Decrying the United States for its long history of propping up autocrats, Foote wrote that what Haitians need “is the opportunity to chart their own course, without international puppeteering and favored candidates but genuine support for that course. I do not believe Haiti can enjoy stability until her citizens have the dignity of truly choosing their own leaders fairly and acceptably.”

“The hubris that makes us believe we should pick the winner — again — is impressive.”

He also condemned the administration for its decision this month to expel Haitian immigrants rounded up in Del Rio, Texas, where they had formed an encampment and were applying for asylum. “The people of Haiti are in extreme poverty and hostage to terror and kidnappings by armed gangs. They also suffer under corrupt governments with gang alliances. We simply cannot support the forced infusions of thousands of migrants who lack food shelter and money.” he wrote. The State Department declined to give an interview for this story.

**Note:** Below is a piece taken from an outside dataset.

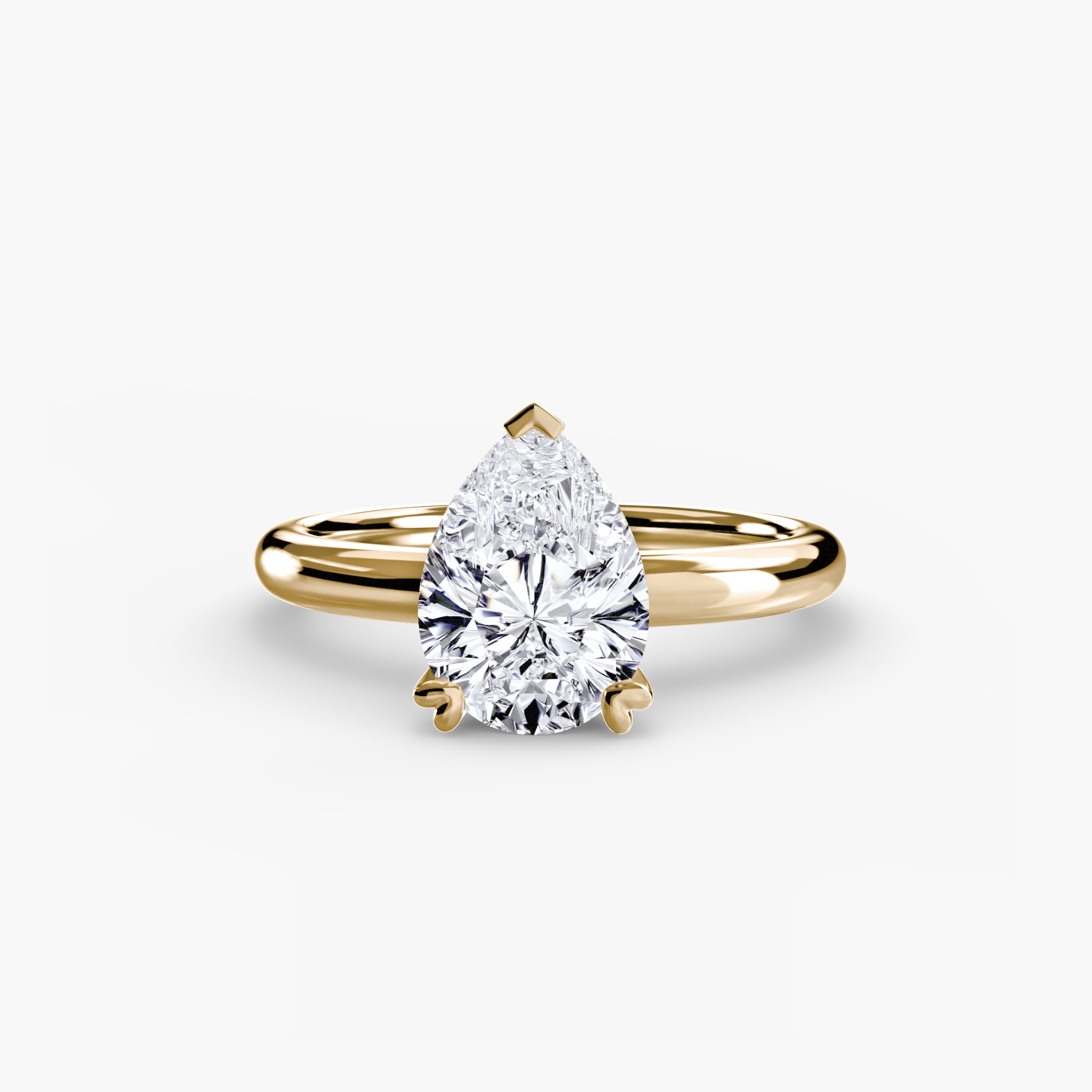 Double Prong Solitaire Setting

But Deputy Secretary of State Wendy Sherman said in a video interview with the Miami Herald that her main disagreement with Foote was over a proposal he made to use U.S. troops to restore security in Haiti.

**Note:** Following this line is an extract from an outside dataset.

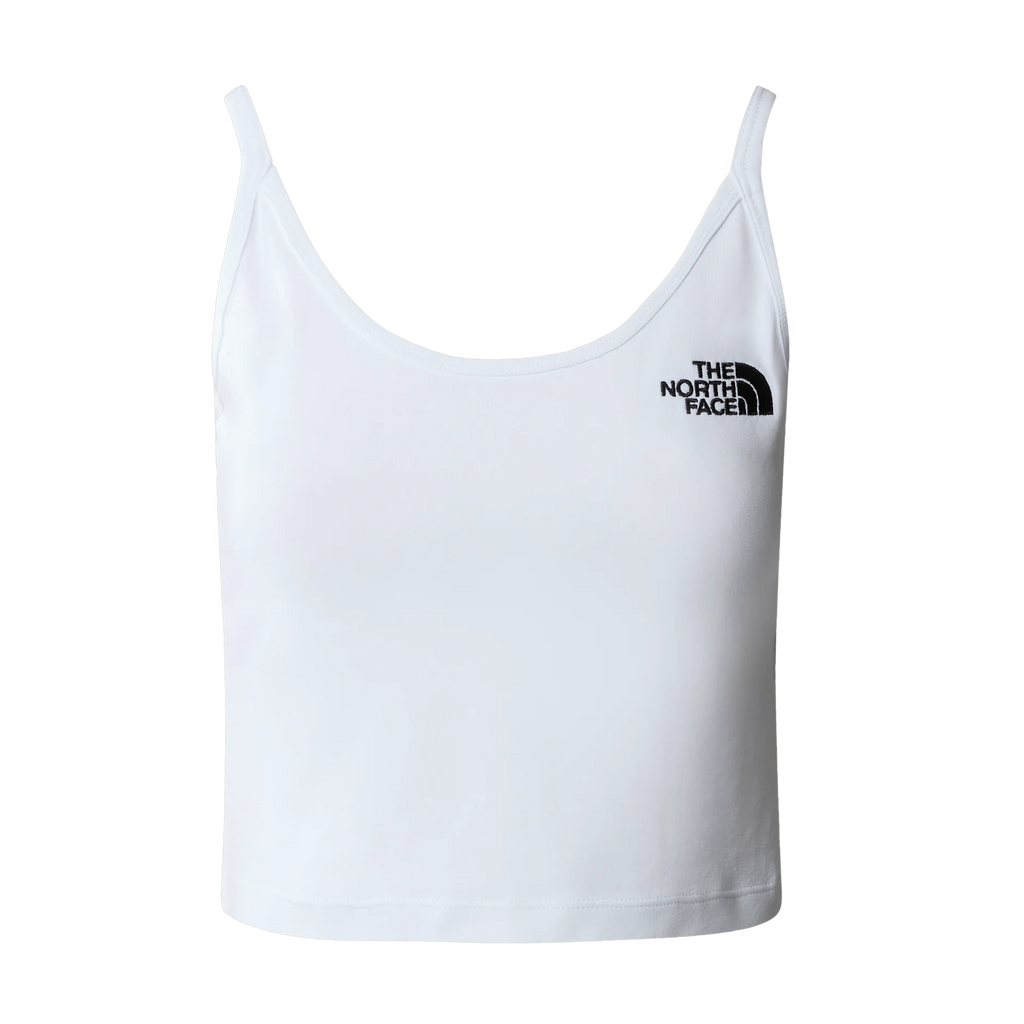 THE NORTH FACE Simple Dome Slim Crop Tank W - TNF White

” Our interest is that Haitians can decide their future in free and fair elections,” she stated. “We don’t take sides with anyone.”

Sherman pointed out that the United States had spent more than $5 billion in aid since an earthquake leveled much of Port-au-Prince in 2010. Many in the metro area of 2.6million have little to show for their efforts. There are few jobs, garbage piling up on the streets, and a police force that is not well trained.

A man in a white T-shirt and jeans has one hand on his hip

Patrick Colas, 58, had to send his daughter to the Dominican Republic because gangs took control of his neighborhood in Haiti and were threatening her and other women.

(Jean Marseille)

Patrick Colas, 58, said he recently pooled money from family in the U.S. to send his 23-year-old daughter to the Dominican Republic, as gangs moved into his neighborhood and threatened to rape her. She was beaten up,” he stated. “I had to get her out.”

As he spoke to The Times on a cellphone, he described a group of young men with rifles driving down the street in a white SUV. He laughed when asked if the police would stop them.

“No, no, no, no, no, no. He said that the police were only looking out for their own interests. “You just have to pray to God that you don’t get kidnapped.”

Nearby, Junior Frantz Cazeau, 28, sat outside his house on a bench seat that had been ripped from a car. He decided to leave after the earthquake. He said, “That couldn’t happen in Haiti.” “That couldn’t happen in Haiti.”

He got a visa and flew to Chile, one of 300,000 Haitians who fled the destruction for South America. After working odd jobs, he eventually found steady work as a disc jockey and sent money home.

Starting in 2020, quarantines due to the COVID-19 pandemic hobbled his business. After President Biden was inaugurated, Cazeau began to hear from his friends who had crossed the Texas border into the United States. Cazeau decided to travel to New York where he had many relatives. He took what money he had and began to take buses north. It took him two months to get to Del Rio.

A man in a T-shirt and shorts, holding his cellphone, sits on a bench seat ripped out from a vehicle

Junior Frantz Cazeau was expelled from Texas’ border. He talks on his cell phone outside of his Haitian parents’ house in Port-au-Prince.

(Jean Marseille)

There he found himself stuck, with hundreds of other Haitians. As U.S. border officers on horses round up Haitians along the riverbank, he watched. He said that he was eventually taken to a U.S. border agent on horses and told that he would be moved to a US city. He realized that they were sending him back home to Haiti not long after he flew.

“He said it was a lie.

Now he can only hustle to get food and water from his friends that he helped. Inflation has made everything more expensive. A gallon of gas can run up to $15, if you can find it. He is afraid to walk on the streets because he believes that the returnees will be targets as they are believed to have money.

” “I’m going back to Chile,” he stated. “It’s my only option.”